Meine Mitmenschen dachten das nicht. Die lernten fleißig Papierschnitzel in allerlei Formen zu falten, suchten ihr inneres Zen-Ich, meldeten sich in Dojos an um martialisch schreiend mit Stöcken aufeinander einzuprügeln, verwurmten ihre Gedärme mit rohem Fisch und verzierten sich als krönenden Abschluss mit japanischem Gekritzel zum Beweis ihrer Ergebenheit.
Ach ja!
Wie erfreulich sind doch manche Erinnerungen.
Vor allem die an jene Scharen westlicher Damen, die ganz mainstreamig brav wahrhaftig jene japanischen Schriftzeichen zum Beispiel am Ohr baumeln hatten, während sich der adäkwate Herr dieselben irgendwohin tätowieren ließ. Ich verabsäumte es nie beide Seiten mittels eines kleinen Lexikons erfreut zu belehren, dass ihre anbiedernden Verschönerungen keineswegs ‚Allumfassende Harmonie’ oder ähnliches, sondern in den meisten Fällen ‚Grunzendes Schwein’ und dergleichen bedeutete. Was, wie ich stets anfügte, doch immerhin für einen gewissen Rest-Humor der solcherart angeschleimten neuen asiatischen Welt-Herrscher sprach.

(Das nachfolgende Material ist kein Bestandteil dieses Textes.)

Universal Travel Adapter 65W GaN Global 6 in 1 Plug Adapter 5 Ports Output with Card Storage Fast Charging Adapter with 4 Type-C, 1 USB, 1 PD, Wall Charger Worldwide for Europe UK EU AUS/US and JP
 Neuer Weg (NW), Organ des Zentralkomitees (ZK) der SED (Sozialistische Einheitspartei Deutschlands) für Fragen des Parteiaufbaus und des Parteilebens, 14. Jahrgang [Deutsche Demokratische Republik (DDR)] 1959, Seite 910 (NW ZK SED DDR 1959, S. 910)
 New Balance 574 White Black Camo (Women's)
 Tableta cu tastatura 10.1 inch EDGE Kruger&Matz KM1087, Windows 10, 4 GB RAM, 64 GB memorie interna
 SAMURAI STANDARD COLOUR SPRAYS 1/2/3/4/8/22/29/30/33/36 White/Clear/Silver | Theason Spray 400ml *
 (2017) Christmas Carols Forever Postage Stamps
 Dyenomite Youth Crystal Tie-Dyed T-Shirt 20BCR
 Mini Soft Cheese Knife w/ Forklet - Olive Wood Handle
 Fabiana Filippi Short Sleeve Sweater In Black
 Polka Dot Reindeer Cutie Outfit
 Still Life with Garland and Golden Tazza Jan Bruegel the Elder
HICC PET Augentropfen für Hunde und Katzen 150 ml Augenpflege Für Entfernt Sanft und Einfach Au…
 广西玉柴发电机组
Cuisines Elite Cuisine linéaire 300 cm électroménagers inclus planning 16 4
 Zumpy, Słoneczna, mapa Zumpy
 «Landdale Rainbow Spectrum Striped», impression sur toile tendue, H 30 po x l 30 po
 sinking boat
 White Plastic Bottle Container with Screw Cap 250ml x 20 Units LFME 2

Dann platzte die ganze aufgeblähte Wirtschafts-Blase, die Japaner hatten einen Haufen Schulden am Hals (die ihre westlichen Schuldner, die mittlerweile saniert waren, keineswegs zurück zu zahlen gedachten) und übrig blieben ein paar Sushi kauende, Karaoke plärrende Spinner, die sich seitdem den Blödian-Himmel mit den ebenso vereinzelt herum trottelnden Überbleibseln der Hippie-Generation teilen müssen.
Warum ich das erzähle?
Na, ganz einfach.
Lesen Sie das Ganze noch mal, aber ersetzen dabei ‚Japaner’ durch ‚Chinesen’. Dann lehnen Sie sich mit mir zusammen in aller Ruhe zurück und überdenken die Sache mal ein Weilchen. So rein europäisch/ amerikanisch schuldentechnisch betrachtet.
Und?
Grinsen Sie schon?
Ich ganz bestimmt.
Denn sind wir mal ehrlich.
Wenns um Schulden bezahlen geht:
Besser die als wir.
*Da würde ich drauf wetten. Also für den Fall, dass der damalige japanische Interessent (der kurz darauf so hurtig wie er hochgespült war, mit dem restlichen japanischen Überlegenheits-Hype im Lokus der Insolvenz verschwand) das Bild tatsächlich bekommen hätte.